● YOUR TASK: Transcribe the data that follows without changing a word, and omit the pictures.

(Extracted records)
_____
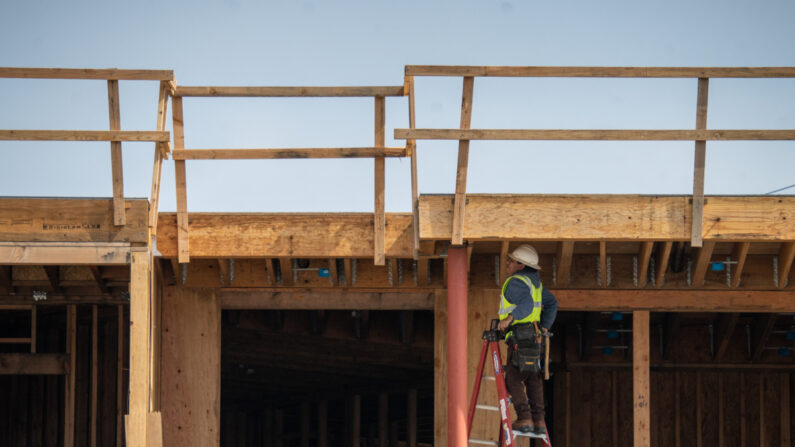 Un trabajador de la construcción construye viviendas en Huntington Beach, California, el 17 de marzo de 2023. (John Fredricks/The Epoch Times)
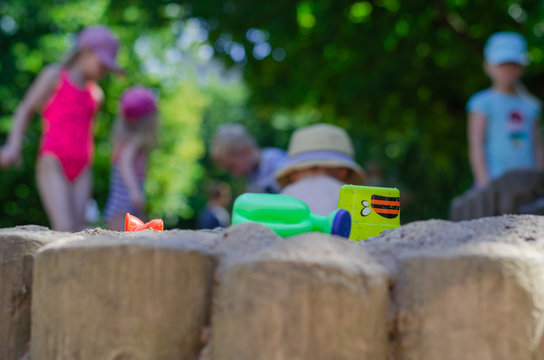 Kinder im Sandkasten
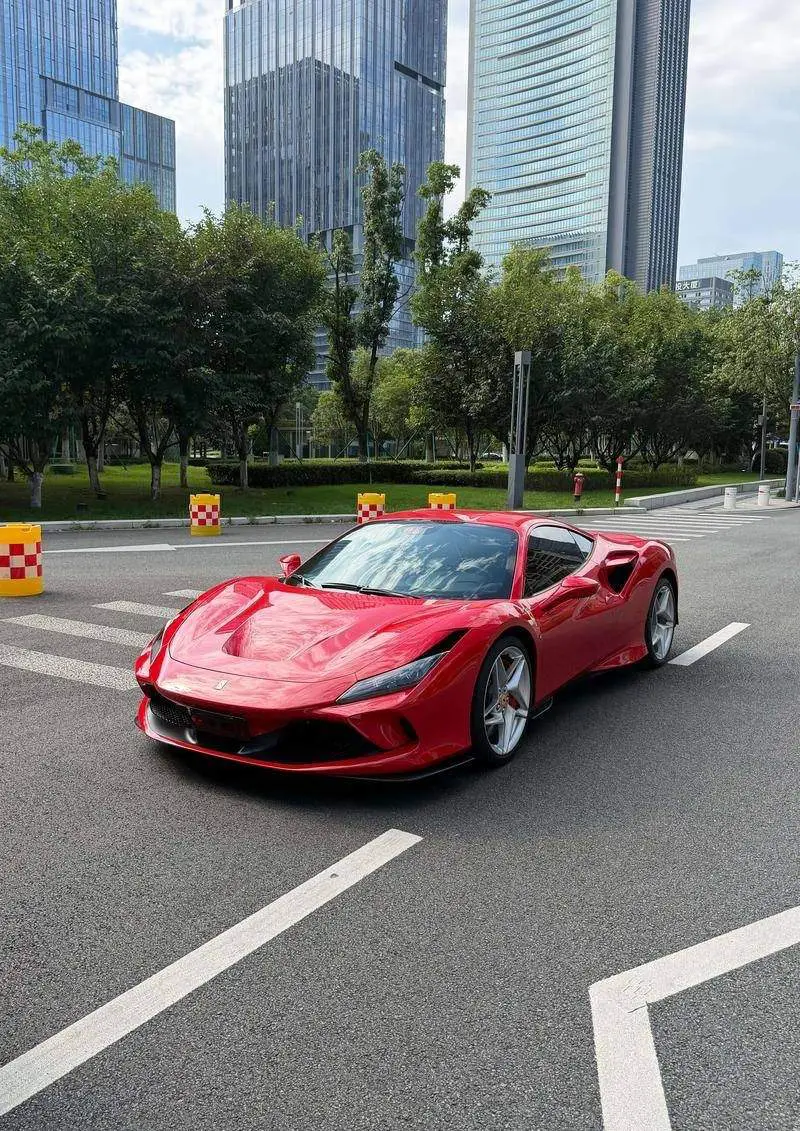 Ferrari F8 2019 Tributo 3.9T V8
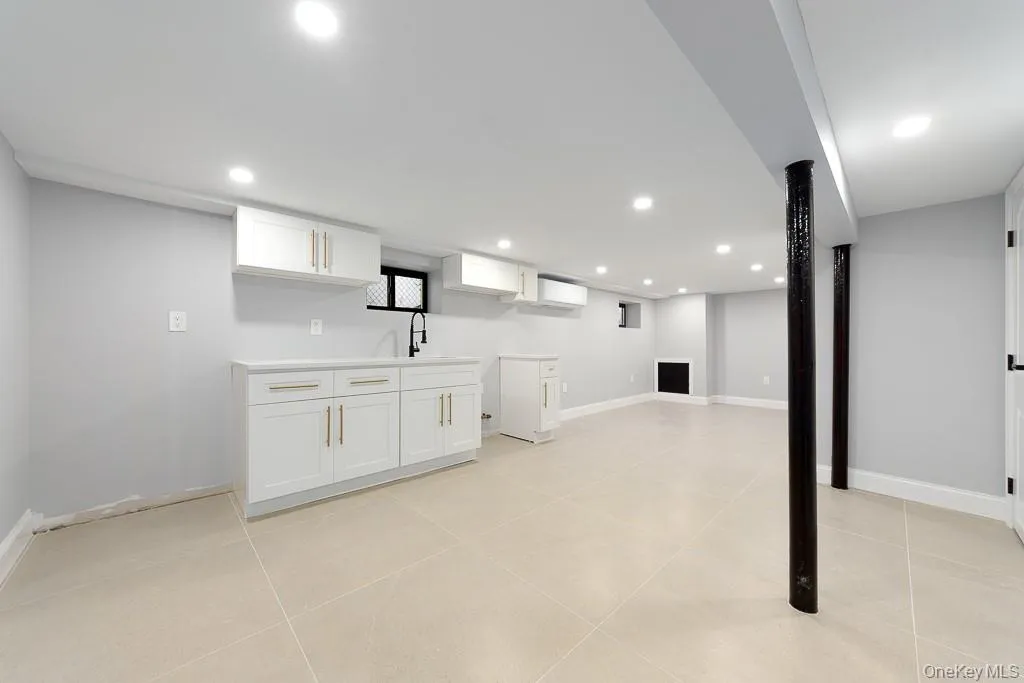 19716 Linden Boulevard, New York, NY, 5 Bedrooms Bedrooms, 10 Rooms Rooms,3 BathroomsBathrooms,Residential,For Rent,Linden,0,1051077 19716 Linden Boulevard, New York, NY, 5 Bedrooms Bedrooms, 10 Rooms Rooms,3 BathroomsBathrooms,Residential,For Rent,Linden,0,1051077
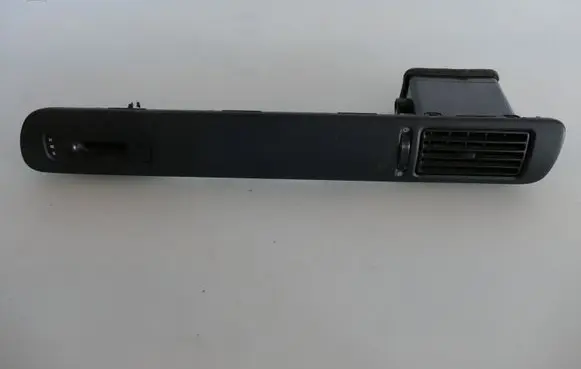 Chevrolet Tacuma Dash center air vent grill 96272821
_____
● RESULT:
 Un trabajador de la construcción construye viviendas en Huntington Beach, California, el 17 de marzo de 2023. (John Fredricks/The Epoch Times)
 Kinder im Sandkasten
 Ferrari F8 2019 Tributo 3.9T V8
 19716 Linden Boulevard, New York, NY, 5 Bedrooms Bedrooms, 10 Rooms Rooms,3 BathroomsBathrooms,Residential,For Rent,Linden,0,1051077 19716 Linden Boulevard, New York, NY, 5 Bedrooms Bedrooms, 10 Rooms Rooms,3 BathroomsBathrooms,Residential,For Rent,Linden,0,1051077
 Chevrolet Tacuma Dash center air vent grill 96272821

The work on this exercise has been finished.